In the book’s Intro, Schreiner tells you upfront that he didn’t write the book for “technicians,” but rather for people who enjoy drinking wine and for the people who make the wine that we enjoy drinking.
“Wine is not a clinical product to be separated from the people who grow it. The art in wine is what attracts both consumers and wine growers,” writes Schreiner in his Introduction to the book’s 3rd edition. The first edition was published in 2006 and already there are a good many new additions to the Okanagan winery fold, with more wineries planned and building underway.
“In most of the tasting rooms I have visited, everyone is having fun, especially during wine festival time,” writes Schreiner, reminiscing, “During the Okanagan’s Spring Wine Festival 2005, I was lounging on the deck at Jeff and Niva Martin’s La Frenz winery, savouring a glass of Shiraz…”.
This is the context, a context of place, time and people in which John Schreiner uniquely can immerse you when it comes to the distinctive regions and wines of the Okanagan. His perspective dates back 35 years when he first began touring the region in search of good wines. The Okanagan’s current vibrant wine industry really only dates back to the late 80’s/early 90’s so Schreiner’s insight is one that lends itself to developing right alongside with the then-nascent wine industry of the region itself.
The book delves into the various regions of the Okanagan. The Okanagan Lake itself is 135 km. stretching more or less N-S from Penticton up to Salmon Arm. The wine growing regions are dotted all along there and stretch down, past Skaha Lake, into the Golden Mile and Black Sage Bench areas of Oliver and then down into Osoyoos, around Lake Osoyoos which spans the U.S./ Canada Border, and then a bit West over into Keremeos and Cawston, known as the Similkameen Valley.
His book beguiles you with the charms of Naramata Bench, a wine-growing region overlooking the expansive, beautiful and pristine Lake Okanagan; delves into the people with a dream some of whom are just selling their first ’09 vintages in time for Spring Wine Festival 2010, kicking off today in the Okanagan. He gives you a brief background on valley influentials such as Elias Phiniotis, Ron Taylor, and Howard Soon. He also takes you into the past with historical anecdotes about B.C.’s oldest continually operating winery (since 1932), Calona Vineyards, and forward into the future sharing with you certain family’s plans to plant on the northern perches of Salmon Arm, where the nearest vineyard at Larch Hills is at B.C.’s highest elevation of 700 meters/ 2,300 feet.
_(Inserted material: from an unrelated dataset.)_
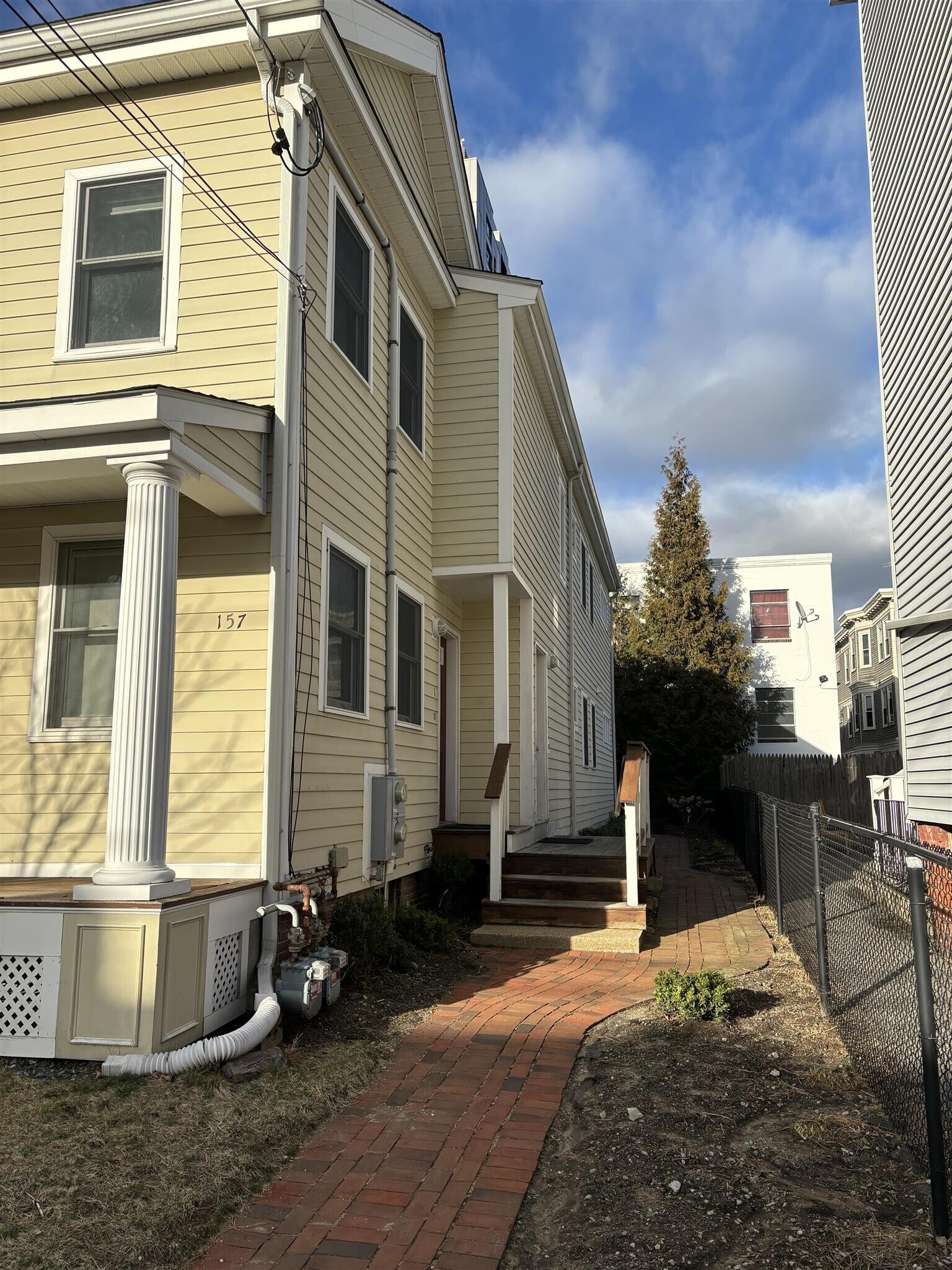 Building Photo - 157 Auburn St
Most importantly, however, Schreiner will introduce you to the people who have chosen to build their lives around the vine, to make the best of the hand that Mother Nature deals them season after season. With this kind of an introduction to a region’s wine, you can’t help but fall in love with the ones that please your palate, and keep returning year after year to see what magic has been bottled in this year’s new vintage.
*Note Book’s Wine Speak Glossary at the end is very helpful and is sure to make you sound like you know what you’re talking about when you’re in the Tasting Rooms.